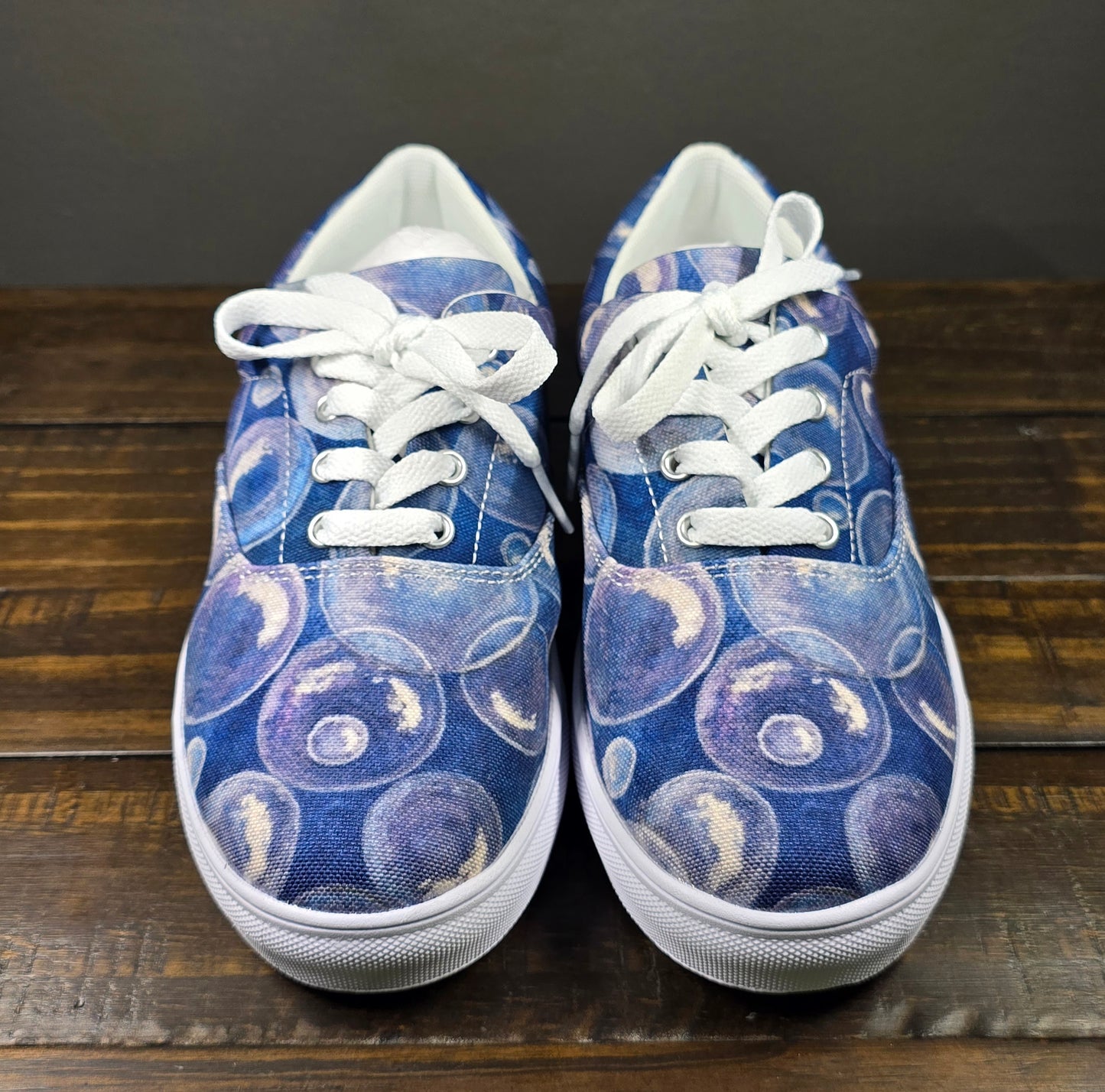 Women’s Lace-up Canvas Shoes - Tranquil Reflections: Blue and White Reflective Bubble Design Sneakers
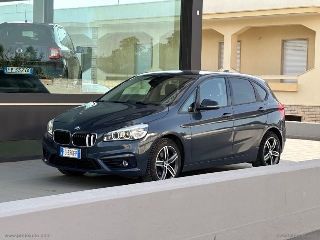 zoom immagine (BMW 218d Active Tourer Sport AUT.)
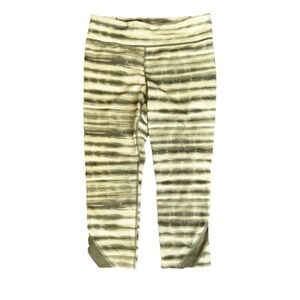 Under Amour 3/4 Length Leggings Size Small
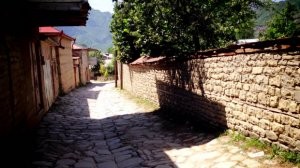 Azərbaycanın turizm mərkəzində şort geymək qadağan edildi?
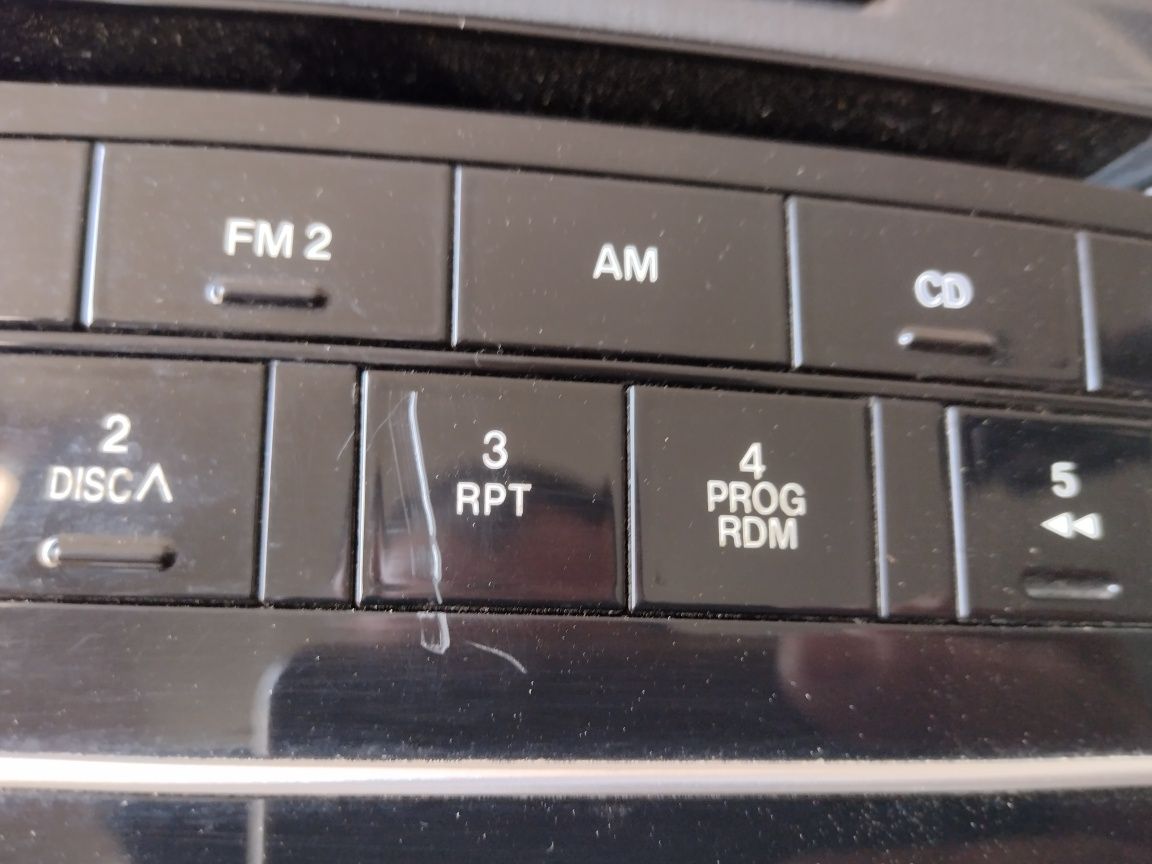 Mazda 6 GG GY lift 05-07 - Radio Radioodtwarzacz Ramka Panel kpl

════

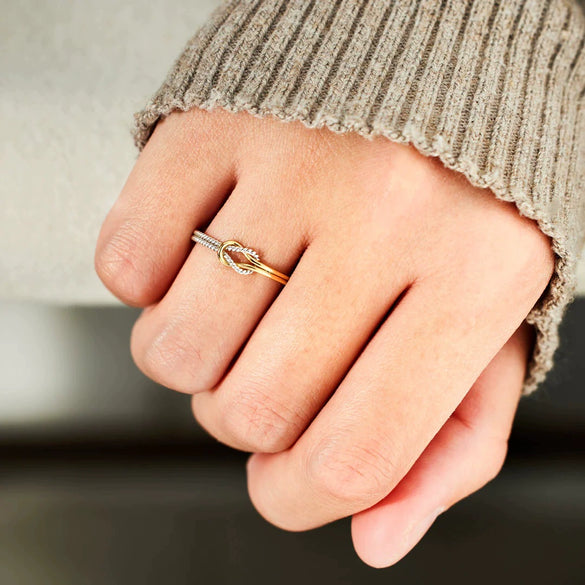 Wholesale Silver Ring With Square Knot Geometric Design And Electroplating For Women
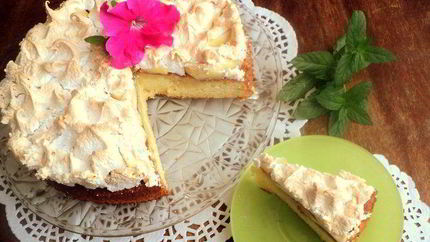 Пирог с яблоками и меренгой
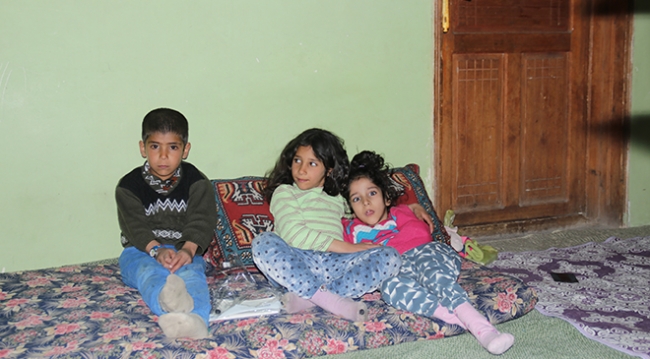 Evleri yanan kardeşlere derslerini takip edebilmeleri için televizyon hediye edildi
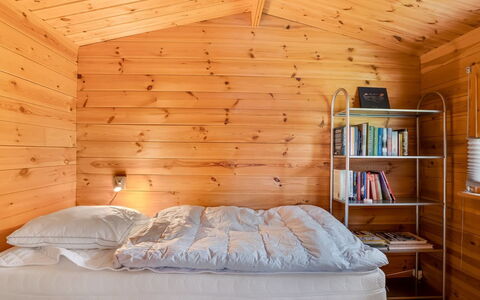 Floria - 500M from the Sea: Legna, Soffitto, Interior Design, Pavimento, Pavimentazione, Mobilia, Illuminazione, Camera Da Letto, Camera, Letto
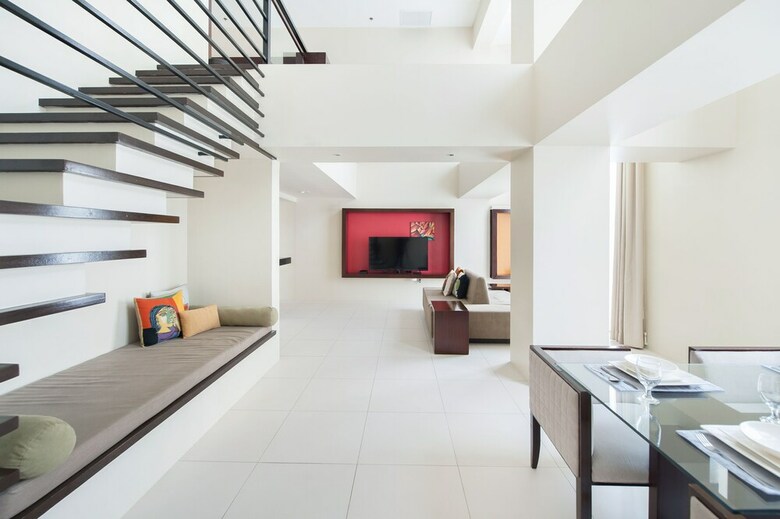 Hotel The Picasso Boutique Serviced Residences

════

Return the lines above from the one with "Under Amour 3/4 Length Leggings Size Small" through the one with "Mazda 6 GG GY", verbatim and nothing else. Omit every picture.

• [RESULT OF THE TASK]:
 Under Amour 3/4 Length Leggings Size Small
 Azərbaycanın turizm mərkəzində şort geymək qadağan edildi?
 Mazda 6 GG GY lift 05-07 - Radio Radioodtwarzacz Ramka Panel kpl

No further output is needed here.